Hello, after many years owning revolvers, now I carry a Ruger SP101 2.25, .38/.357.
Finally decided to go for a pistol maybe Ruger SR9C, beretta StormX4 sc or a Kahr mk9 in 9mm.
I found better deals on the internet than my local gun shops, and I want to ask you guys if getting a gun from out of state works like the rest of the merchandise...no tax?
The deals are better than locals and if I safe the tax, paying the FFL fees I can save good money.
Also I don't have an idea about pistols, if somebody can sen me a link to articles, or videos with instructions will be great. They are complete different animals compared to revolvers
Thank you in advance


----------



## cougartex (Jan 2, 2010)

Gunbroker has information for new users buying off the internet (right side of screen).

http://www.gunbroker.com/


----------



## cougartex (Jan 2, 2010)

Cornered Cat is geared toward women, but has a lot of good information.

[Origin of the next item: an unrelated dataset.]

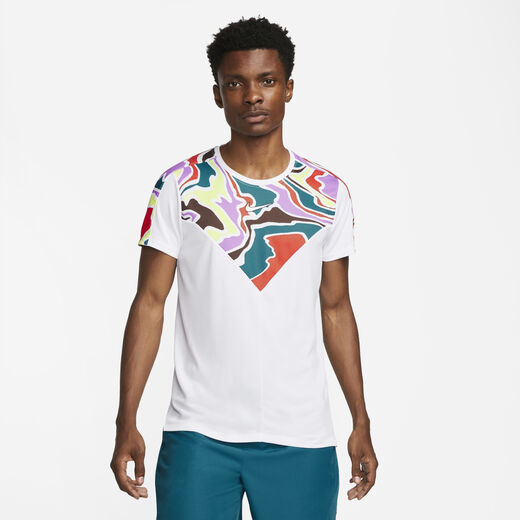 نايكي-كورت دراي-فِت سلام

http://www.corneredcat.com/TOC.aspx


----------



## Hollander (Feb 2, 2009)

Buying guns on line works very well. I have purchased 6+ guns on line and never have had a problem. Google up the gun you wish to purchase and do some extensive searching. BTW, the Kahr MK9 is a great gun - I have it and the PM9 in addition to several other makes and models. The one thing you need to watch for in purchasing on line is that many dealers add a surcharge for credit cards. It is just as easy to get a cashiers check and mail as well although it takes a little longer to on the gun. You pay no sales tax but will pay a transfer fee to a local FFL dealer to handle the sale. You will also pay shipping costs and they can widely vary. Just take your time and figure it all out before deciding. You sometimes can do very well with an online purchase. Good Luck.


----------



## island18 (Mar 17, 2010)

The problem I have is having to drive a long distance to find a Bersa dealer to hold the pistol, I'm partial to Bersas since ....I'm from Argentina.Used to live about 30 minutes from the factory


----------